EXERCISE DESCRIPTION ▸
Restate the opening lines of the material below word for word, stopping after the line that contains "MENS size 32".

INPUT ▸

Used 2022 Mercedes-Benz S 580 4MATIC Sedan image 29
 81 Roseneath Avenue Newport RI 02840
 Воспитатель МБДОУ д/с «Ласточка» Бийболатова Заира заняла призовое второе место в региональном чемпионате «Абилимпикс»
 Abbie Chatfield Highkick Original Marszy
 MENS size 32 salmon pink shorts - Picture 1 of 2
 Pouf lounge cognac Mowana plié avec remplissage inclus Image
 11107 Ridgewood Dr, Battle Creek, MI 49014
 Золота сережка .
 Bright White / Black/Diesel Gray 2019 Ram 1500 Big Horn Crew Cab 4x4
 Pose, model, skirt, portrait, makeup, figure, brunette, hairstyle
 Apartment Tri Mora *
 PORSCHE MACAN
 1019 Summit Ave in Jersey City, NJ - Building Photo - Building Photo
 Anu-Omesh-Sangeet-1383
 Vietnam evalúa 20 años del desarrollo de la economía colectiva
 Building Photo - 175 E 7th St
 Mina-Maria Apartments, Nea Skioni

TASK OUTPUT ▸
Used 2022 Mercedes-Benz S 580 4MATIC Sedan image 29
 81 Roseneath Avenue Newport RI 02840
 Воспитатель МБДОУ д/с «Ласточка» Бийболатова Заира заняла призовое второе место в региональном чемпионате «Абилимпикс»
 Abbie Chatfield Highkick Original Marszy
 MENS size 32 salmon pink shorts - Picture 1 of 2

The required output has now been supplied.